Con il passare del tempo
l'interesse per un'azione assistenziale a favore del prossimo riceve una spinta decisiva dalla nascita di associazioni fra laici: la necessità di esprimere la devozione e lo spirito evangelico della carità, e di liberarsi dalla paura della condanna eterna - che con il procedere dei secoli aveva assunto il connotato di vero e proprio terrore - spinge ricchi e meno abbienti a compiere quegl'atti di liberalità che consentono ai luoghi pii di funzionare. In molti casi il benefattore indicava con precisione come il patrimonio doveva essere utilizzato e la capacità dei priori (amministratori) delle confraternite di coordinare le finalità dei lasciti e l'efficacia dell'azione assistenziale era alla base di tutto. I quattro maggiori ospedali cesenati, la cui presenza è attestata ufficialmente dal 1426 insieme alle quattro compagnie che li amministrano, sembra che non siano altro che il prodotto di un processo secolare di unione di piccoli ospedali: un processo che comincia con Domenico Malatesta Novello e si conclude solo nel Seicento.

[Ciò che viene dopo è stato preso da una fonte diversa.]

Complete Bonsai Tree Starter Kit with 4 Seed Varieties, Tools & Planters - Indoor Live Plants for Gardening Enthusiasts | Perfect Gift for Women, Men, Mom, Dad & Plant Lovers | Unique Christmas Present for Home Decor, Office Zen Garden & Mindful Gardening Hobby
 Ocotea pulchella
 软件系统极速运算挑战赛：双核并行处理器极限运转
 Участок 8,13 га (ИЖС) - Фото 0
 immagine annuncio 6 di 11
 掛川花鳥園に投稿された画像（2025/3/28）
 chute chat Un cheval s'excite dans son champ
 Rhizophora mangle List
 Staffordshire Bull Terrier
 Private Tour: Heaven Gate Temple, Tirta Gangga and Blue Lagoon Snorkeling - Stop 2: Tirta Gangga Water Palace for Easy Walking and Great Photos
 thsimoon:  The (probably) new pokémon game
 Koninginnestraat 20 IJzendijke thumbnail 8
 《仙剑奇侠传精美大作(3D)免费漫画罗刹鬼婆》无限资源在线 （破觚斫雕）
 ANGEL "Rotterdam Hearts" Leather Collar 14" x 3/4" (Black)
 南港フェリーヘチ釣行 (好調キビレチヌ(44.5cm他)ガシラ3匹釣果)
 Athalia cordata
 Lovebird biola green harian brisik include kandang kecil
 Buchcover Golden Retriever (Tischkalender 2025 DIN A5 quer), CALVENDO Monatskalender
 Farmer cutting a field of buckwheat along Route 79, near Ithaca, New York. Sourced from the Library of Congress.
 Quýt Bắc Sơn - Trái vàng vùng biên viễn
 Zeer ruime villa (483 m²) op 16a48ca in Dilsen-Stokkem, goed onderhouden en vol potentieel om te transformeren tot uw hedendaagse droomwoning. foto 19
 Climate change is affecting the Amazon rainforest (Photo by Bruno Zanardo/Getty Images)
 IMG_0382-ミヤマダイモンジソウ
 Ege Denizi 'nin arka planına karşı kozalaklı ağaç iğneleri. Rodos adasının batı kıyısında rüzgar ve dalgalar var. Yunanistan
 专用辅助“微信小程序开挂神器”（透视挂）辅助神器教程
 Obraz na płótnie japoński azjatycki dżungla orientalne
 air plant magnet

L'importanza degli ospedali cresce
e i priori delle compagnie sono chiamati a partecipare ai due sinodi diocesani di Edoardo Gualandi (1564, 1566). Da questo momento il controllo ecclesiastico sulla beneficenza si fa continuo e più attento. Intanto pare che tra problemi economici ed amministrativi l'assistenza funzioni: il vescovo si rallegra coi Conservatori della città per le buone opere compiute a favore dei poveri, dei mendicanti e degli orfanelli ad opera dei luoghi pii. Il rischio di errori era comunque presente e nel Sinodo Provinciale Ravennate del 1582 un capitolo viene dedicato all'uso corretto delle elemosine e dei redditi amministrati dai «loca pia». La preoccupazione dell'autorità laica era conforme: nel 1589 il Consiglio della Comunità incarica due persone affinché seguano l'opera degli ospedali. Il controllo era dunque sia laico che ecclesiastico e all'interno delle confraternite - a fronte di una maggioranza laica - vi erano religiosi che si incaricavano di officiare le messe e controllare il comportamento morale dei confratelli e la corretta destinazione della liberalità assistenziale.